Overview: The value of crowdsourcing is that you can find ideas in the most unusual of places. These five, in particular, might surprise you and offer guidance for your crowdsourcing strategy.
The Solar-Powered Wheelchair
Alper Sirvan, a Turkish man with cerebral palsy, was severely limited by the battery in his wheelchair. For World Cerebral Palsy Day in 2013, he asked for a wheelchair that either had an extended range or could run indefinitely.
A team of students from the University of Virginia responded with the solar-powered wheelchair, which drew inspiration from convertibles. With the panel as both power source and sunshade, it can go a mile per hour without drawing from the battery and for nearly five hours at 5mph, increasing the range by 40%. The team won $20,000 to refine the design and ship it to an overjoyed Sirvan, with the rest going to cerebral palsy research.
A Better Graduated Cylinder
NASA is well-known for creativity and innovation, and part of that is NASA@Work, their internal crowdsourcing platform where anyone with NASA credentials can share challenges, ideas, and solutions. In this case, a NASA team member was hoping for some ideas on how to better manage the collection of liquid samples.

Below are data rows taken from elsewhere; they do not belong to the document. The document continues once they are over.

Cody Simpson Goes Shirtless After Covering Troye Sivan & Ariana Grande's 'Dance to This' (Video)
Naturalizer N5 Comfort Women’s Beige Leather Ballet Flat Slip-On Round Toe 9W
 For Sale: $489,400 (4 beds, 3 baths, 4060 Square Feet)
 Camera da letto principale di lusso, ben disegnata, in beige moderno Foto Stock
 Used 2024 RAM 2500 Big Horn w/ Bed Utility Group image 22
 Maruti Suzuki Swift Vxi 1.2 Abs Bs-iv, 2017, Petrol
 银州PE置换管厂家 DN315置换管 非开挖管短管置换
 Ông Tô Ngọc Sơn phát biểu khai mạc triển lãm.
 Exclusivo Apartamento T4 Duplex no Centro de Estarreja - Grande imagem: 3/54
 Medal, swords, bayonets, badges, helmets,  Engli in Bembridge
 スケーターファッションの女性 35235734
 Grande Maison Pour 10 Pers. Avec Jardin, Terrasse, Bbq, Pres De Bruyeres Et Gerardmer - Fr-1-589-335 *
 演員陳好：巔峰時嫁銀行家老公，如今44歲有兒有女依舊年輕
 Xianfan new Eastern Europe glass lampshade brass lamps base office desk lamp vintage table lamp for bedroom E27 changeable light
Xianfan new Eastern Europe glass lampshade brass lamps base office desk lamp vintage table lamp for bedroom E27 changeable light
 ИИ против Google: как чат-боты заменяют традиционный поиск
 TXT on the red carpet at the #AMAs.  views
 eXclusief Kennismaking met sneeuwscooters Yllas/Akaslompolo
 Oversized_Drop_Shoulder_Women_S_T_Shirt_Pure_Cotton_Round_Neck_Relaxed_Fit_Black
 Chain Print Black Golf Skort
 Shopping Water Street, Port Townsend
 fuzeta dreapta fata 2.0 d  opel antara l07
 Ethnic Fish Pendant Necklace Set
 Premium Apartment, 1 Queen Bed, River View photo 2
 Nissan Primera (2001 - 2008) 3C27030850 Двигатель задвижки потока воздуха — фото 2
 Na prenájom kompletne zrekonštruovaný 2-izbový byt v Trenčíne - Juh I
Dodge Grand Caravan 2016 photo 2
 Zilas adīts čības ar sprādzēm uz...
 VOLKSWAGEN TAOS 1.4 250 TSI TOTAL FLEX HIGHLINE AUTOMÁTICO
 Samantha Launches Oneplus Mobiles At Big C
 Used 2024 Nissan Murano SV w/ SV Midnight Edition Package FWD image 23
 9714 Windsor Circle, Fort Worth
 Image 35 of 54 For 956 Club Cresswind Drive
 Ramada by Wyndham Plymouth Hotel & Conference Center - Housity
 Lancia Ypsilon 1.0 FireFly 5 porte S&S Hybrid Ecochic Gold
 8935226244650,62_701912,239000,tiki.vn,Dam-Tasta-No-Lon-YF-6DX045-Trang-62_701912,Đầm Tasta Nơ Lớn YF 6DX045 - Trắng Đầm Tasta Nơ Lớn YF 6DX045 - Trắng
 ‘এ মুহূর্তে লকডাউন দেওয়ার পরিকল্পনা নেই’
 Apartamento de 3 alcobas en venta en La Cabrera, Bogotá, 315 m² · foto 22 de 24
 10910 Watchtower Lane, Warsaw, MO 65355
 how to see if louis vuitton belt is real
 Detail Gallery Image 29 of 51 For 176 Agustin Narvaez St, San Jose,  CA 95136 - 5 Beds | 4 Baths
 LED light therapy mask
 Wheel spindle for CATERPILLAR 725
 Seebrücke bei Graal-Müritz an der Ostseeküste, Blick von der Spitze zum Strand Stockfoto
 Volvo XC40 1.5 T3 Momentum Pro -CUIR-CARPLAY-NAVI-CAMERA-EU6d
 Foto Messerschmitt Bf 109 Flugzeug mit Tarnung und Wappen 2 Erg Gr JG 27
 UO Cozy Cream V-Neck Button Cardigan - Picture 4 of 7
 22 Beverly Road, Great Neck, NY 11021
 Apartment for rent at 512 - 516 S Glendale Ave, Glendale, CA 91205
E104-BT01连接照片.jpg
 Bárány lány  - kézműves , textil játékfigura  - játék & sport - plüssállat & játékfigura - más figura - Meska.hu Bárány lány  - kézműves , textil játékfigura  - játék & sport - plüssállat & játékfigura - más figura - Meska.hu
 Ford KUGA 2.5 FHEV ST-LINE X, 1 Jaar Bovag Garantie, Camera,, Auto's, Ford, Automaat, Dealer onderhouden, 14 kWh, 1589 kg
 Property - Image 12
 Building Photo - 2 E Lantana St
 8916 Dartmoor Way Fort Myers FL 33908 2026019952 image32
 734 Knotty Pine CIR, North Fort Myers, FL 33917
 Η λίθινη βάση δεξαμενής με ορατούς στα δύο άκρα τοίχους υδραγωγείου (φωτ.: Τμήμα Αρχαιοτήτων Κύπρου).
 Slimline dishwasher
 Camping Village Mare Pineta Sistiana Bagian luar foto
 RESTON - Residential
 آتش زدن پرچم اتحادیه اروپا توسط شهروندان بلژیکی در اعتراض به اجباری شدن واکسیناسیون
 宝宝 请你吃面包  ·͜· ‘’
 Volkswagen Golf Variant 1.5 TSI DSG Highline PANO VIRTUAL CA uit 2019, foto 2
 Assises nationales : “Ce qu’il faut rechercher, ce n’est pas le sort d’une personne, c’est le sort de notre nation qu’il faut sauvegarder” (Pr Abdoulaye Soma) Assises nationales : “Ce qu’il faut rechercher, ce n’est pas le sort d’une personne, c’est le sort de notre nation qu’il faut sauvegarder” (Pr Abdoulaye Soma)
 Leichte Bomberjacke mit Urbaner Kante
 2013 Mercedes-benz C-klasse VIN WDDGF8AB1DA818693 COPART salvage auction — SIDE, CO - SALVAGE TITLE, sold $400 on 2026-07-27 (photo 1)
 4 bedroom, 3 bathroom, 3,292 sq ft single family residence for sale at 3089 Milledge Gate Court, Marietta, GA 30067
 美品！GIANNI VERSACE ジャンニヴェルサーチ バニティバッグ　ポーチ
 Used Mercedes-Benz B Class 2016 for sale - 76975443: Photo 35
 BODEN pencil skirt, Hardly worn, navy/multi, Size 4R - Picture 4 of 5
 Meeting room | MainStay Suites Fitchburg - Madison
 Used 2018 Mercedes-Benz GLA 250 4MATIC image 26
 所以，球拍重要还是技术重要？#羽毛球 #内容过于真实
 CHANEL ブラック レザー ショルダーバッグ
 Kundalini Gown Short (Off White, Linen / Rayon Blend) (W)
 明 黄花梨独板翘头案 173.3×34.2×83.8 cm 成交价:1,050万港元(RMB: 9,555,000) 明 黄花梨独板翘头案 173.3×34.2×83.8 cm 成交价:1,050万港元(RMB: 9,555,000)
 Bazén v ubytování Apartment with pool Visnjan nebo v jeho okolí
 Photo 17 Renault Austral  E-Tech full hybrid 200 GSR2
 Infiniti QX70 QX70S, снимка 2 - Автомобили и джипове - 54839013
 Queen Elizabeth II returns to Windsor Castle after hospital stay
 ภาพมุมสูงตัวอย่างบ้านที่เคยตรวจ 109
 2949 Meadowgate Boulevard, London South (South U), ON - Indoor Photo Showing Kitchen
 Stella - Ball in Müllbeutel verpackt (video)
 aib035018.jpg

Instead, they found a working prototype. And in fact, it was from somebody just 300 yards away. The microgravity capillary graduated cylinder had been developed by another group for a similar issue. And what was going to be a $1.3 million project taking several years was instead quickly approved and in the sky in months on a much lower budget.
The Bucket Mister
As we all know, a little humidity on a cool breeze can make that breeze feel that much better. Brian Stearns, working in the marketing department of Techtronic Industries, noticed that there wasn’t a cordless, portable misting fan and that furthermore, his company made all the components needed to make one that could easily be attached to the multipurpose work buckets found on job sites and backyard projects everywhere.
He quickly pitched the idea to the company’s internal platform, and engineers assembled a prototype. It was so popular that when it went to market a few months later, it sold millions of units and was awarded the project of the year. Now, bucket misters are everywhere.
Two Tools In One
Kevin Spratt, a deck force boatswain’s mate with the U.S. Coast Guard, regularly used both a boat hook and a sledgehammer as part of his work. However, these two heavy tools cluttered the deck, which was a safety risk, and retrieving one than the other took more time.
So, working with a friend, he simply combined the two, welding a boat hook onto a sledgehammer and creating the hammer hook. It’s saved time and made his workspace safer, to boot.
A Quicker Analysis
Tech. Sgt. Patrick Oliver’s job is to keep the Air Force’s equipment in top shape, so bigger problems never happen. Part of that is testing oil samples across tens or even hundreds of aircraft, and if his testing apparatus breaks or starts having issues, it causes delays across the entire exercise.
So Oliver invented a reusable cap, easily manufactured anywhere, that quickly tests oil and saves his crew ten minutes a test. That adds up to thousands of hours and dollars and perhaps lives saved.